50歳からの「老後収入」の増やし方

AさんとBさんはともに現在50歳で、2人が確認したねんきん定期便に書かれた「年金受給見込額」は、いずれも「現在の加入条件が60歳まで続いた場合」を前提に計算されたものです。
2人ともその金額に大きな衝撃を受けたようですが、まずは公的年金の「プラスアルファ」をどう積み上げていくか考えてみましょう。
まず、Aさんのように会社員として定年まで働く場合、たとえ60歳定年の会社であっても、希望すれば65歳まで継続雇用で働くことができます。高年齢者雇用安定法で65歳までの雇用確保が義務化、70歳までの就業確保も努力義務とされているからです。
厚生年金保険は70歳まで加入できるため、できるだけ長く働きながらセカンドライフを見据えてスキルアップし、将来の年金額を増やす働き方を検討することをおすすめします。
一方Bさんは、今後も会社勤めをする予定がないのであれば、国民年金保険料に「付加保険料(月額400円)」を上乗せする方法があります。また、収入があるうちは後述の「年金の繰下げ受給」を検討するのも一案です。

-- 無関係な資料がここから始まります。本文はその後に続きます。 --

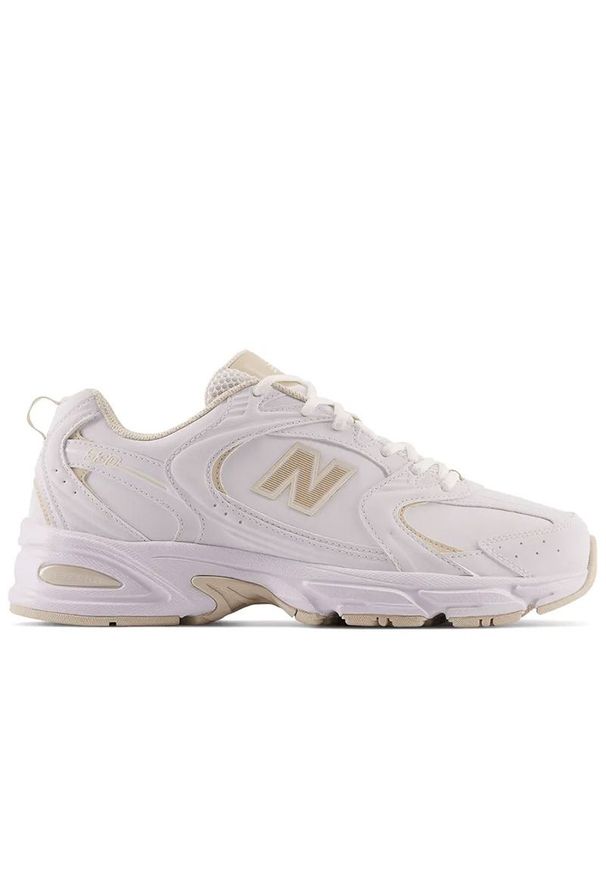 Buty New Balance MR530SYA - białe. Kolor: biały. Materiał: materiał, skóra, syntetyk. Szerokość cholewki: normalna. Sezon: lato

なお、働き方を再検討するのであれば、個人事業主から法人化を視野に入れる選択肢もあります。法人化すれば社会保険の適用事業所となり、社会保険に加入することで老齢厚生年金を上乗せすることが可能です。
公的年金の最大のメリットは「一生涯受け取れる」こと
公的年金の最大のメリットは、「一生涯受け取れる」点にあります。生涯受け取ることのできる年金額を増やすため、通常65歳からの年金受給開始年齢を繰り下げて年金額を増やす「年金の繰下げ受給」を検討するのもひとつの手でしょう。
「年金の繰下げ受給」は、受給開始時期を後ろ倒しすることで、1ヵ月につき0.7%が増額されます。仮に65歳から1年間繰り下げて66歳から受給すると、0.7%×12ヵ月で8.4%増額された年金を受け取ることができる計算です。ねんきん定期便にも、65歳時点の見込み額に加え、70歳受給開始(42%増)、75歳受給開始(84%増)の見込み額が記載されています。